General Use of Contrast Medium
• Patients with conditions associated with adverse reactions to contrast medium (e.g., asthma, food allergies, or allergy to contrast medium). Although patients are asked specifically if they have a known allergy to iodine or shellfish (shellfish contain high levels of iodine), it has been well established that the reaction is not to iodine; an actual iodine allergy would be problematic because iodine is required for the production of thyroid hormones. In the case of shellfish, the reaction is to a muscle protein called tropomyosin; in the case of iodinated contrast medium, the reaction is to the noniodinated part of the contrast molecule.
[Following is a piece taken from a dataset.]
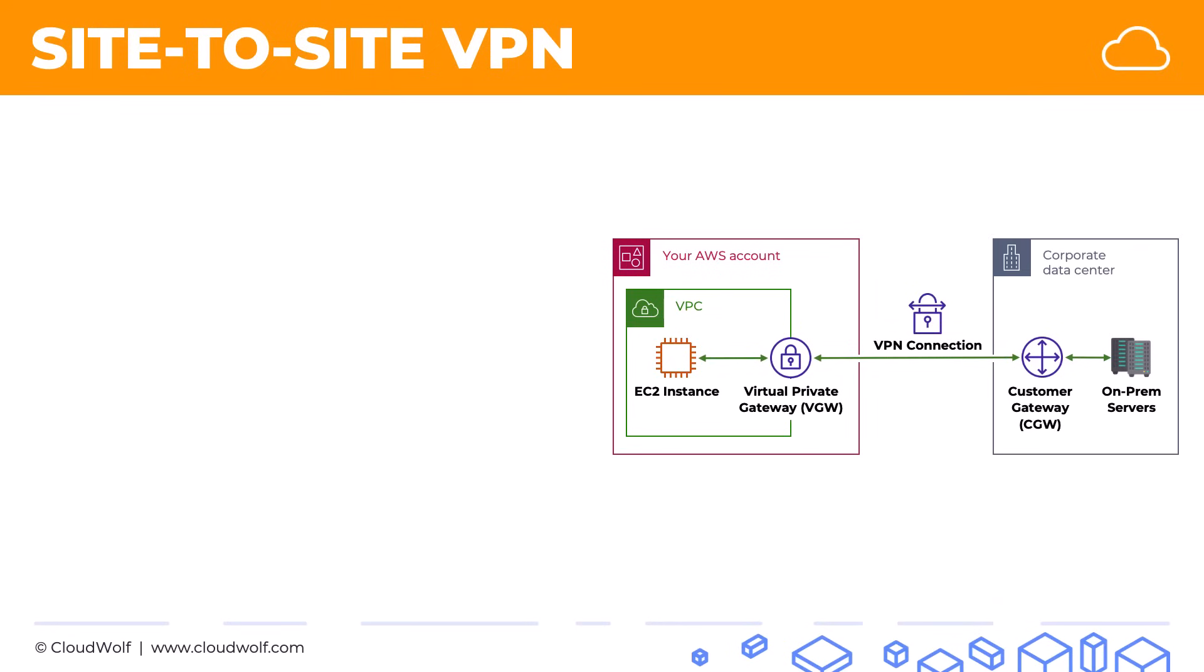And so what is this connection? Well, a VPN connection or a site-to-site VPN is a secure connection, but it uses the public internet. Something important to remember for the exam: it uses the public internet so it's not actually private internet. But at the same time, it is secure and encrypted, so it's safe in that way to use.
• Patients with a known hypersensitivity to the contrast medium may benefit from premedication with corticosteroids and diphenhydramine; the use of nonionic contrast or an alternative noncontrast imaging study, if available, may be considered for patients who have severe asthma or who have experienced moderate to severe reactions to ionic contrast medium.

Complications:

• Establishing an IV site is an invasive procedure that can cause rare complications such as bleeding from the puncture site (related to a bleeding disorder or the effects of natural products and medications with known anticoagulant, antiplatelet, or thrombolytic properties), nerve injury (which might occur if the needle strikes a nerve), hematoma (related to blood leakage into the tissue following needle insertion), or infection (which might occur if bacteria from the skin surface is introduced at the puncture site).
• The use of contrast may introduce additional nursing implications related to nephrotoxicity (a deterioration of renal function associated with contrast administration), risk for allergic reaction (related to contrast reaction), or tissue damage (related to extravasation or leaking of contrast into the tissues during injection).